| Work to complete |
Would you please transcribe the listing exactly, with no images?

═══ Given material ═══

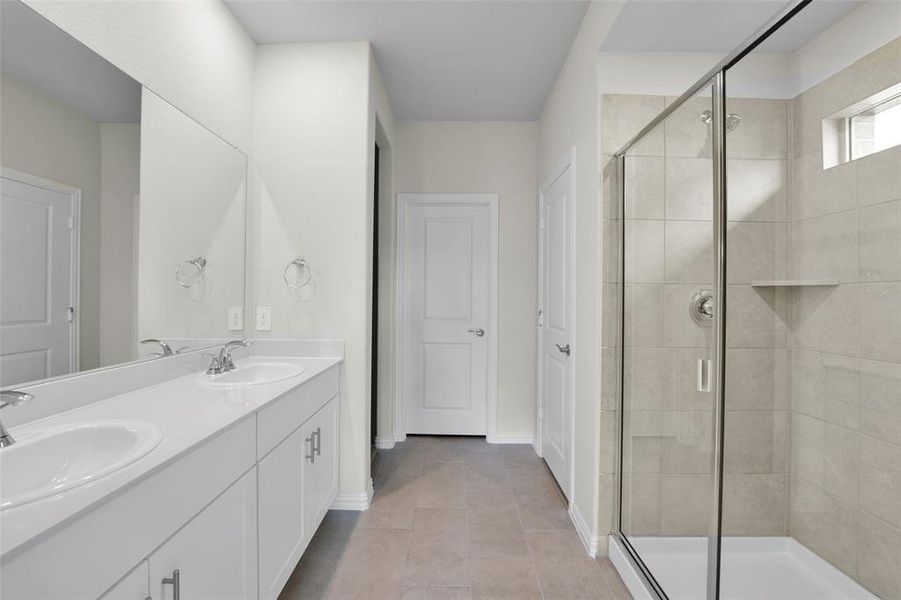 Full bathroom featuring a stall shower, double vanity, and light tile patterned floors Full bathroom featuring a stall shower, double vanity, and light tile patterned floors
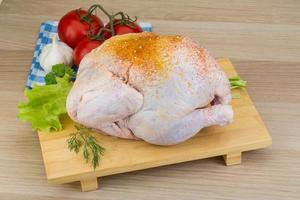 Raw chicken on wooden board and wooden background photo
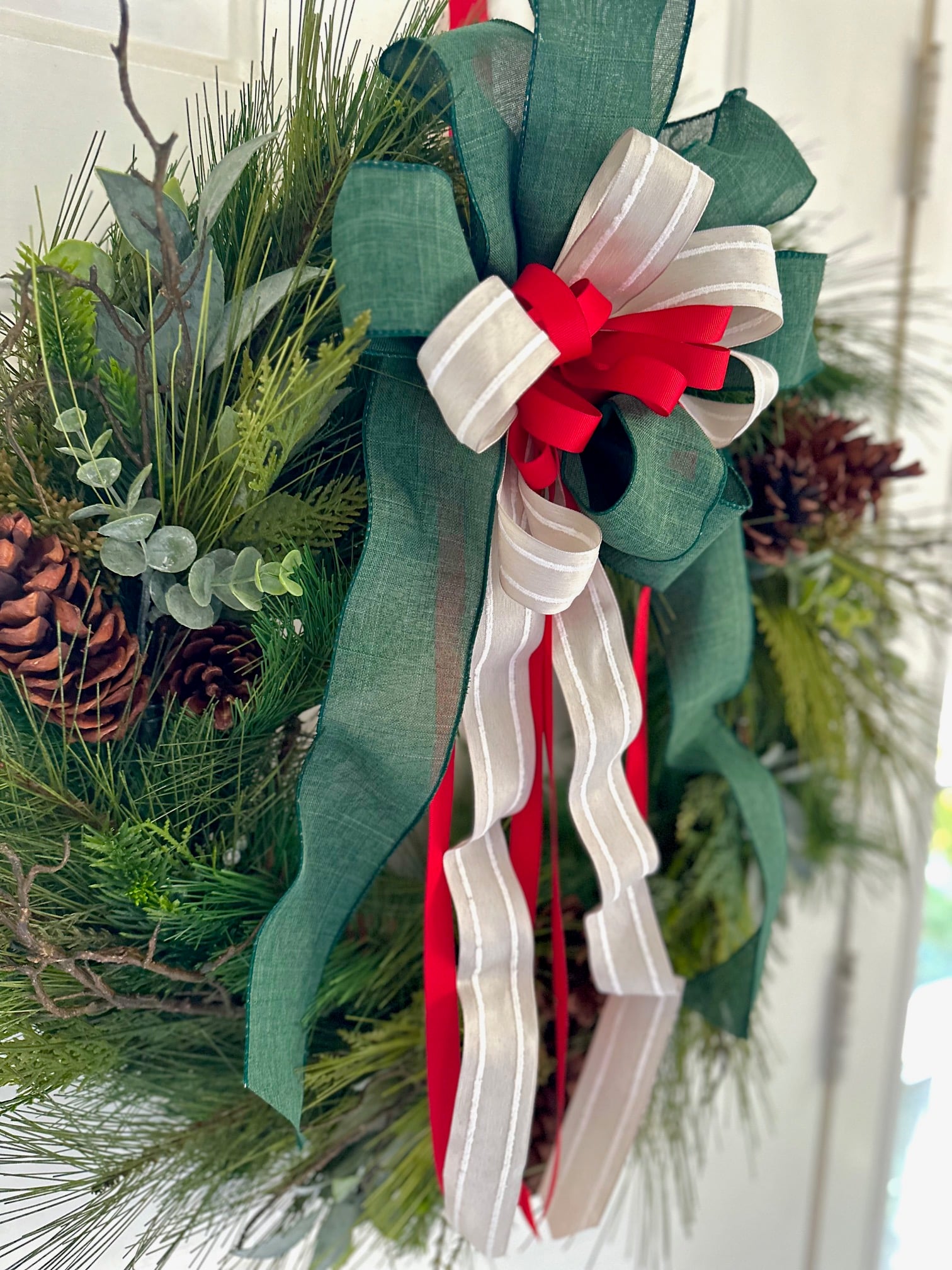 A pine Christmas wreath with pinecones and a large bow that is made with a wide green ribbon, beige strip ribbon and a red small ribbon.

═══

| Solution for this exercise |
 Full bathroom featuring a stall shower, double vanity, and light tile patterned floors Full bathroom featuring a stall shower, double vanity, and light tile patterned floors
 Raw chicken on wooden board and wooden background photo
 A pine Christmas wreath with pinecones and a large bow that is made with a wide green ribbon, beige strip ribbon and a red small ribbon.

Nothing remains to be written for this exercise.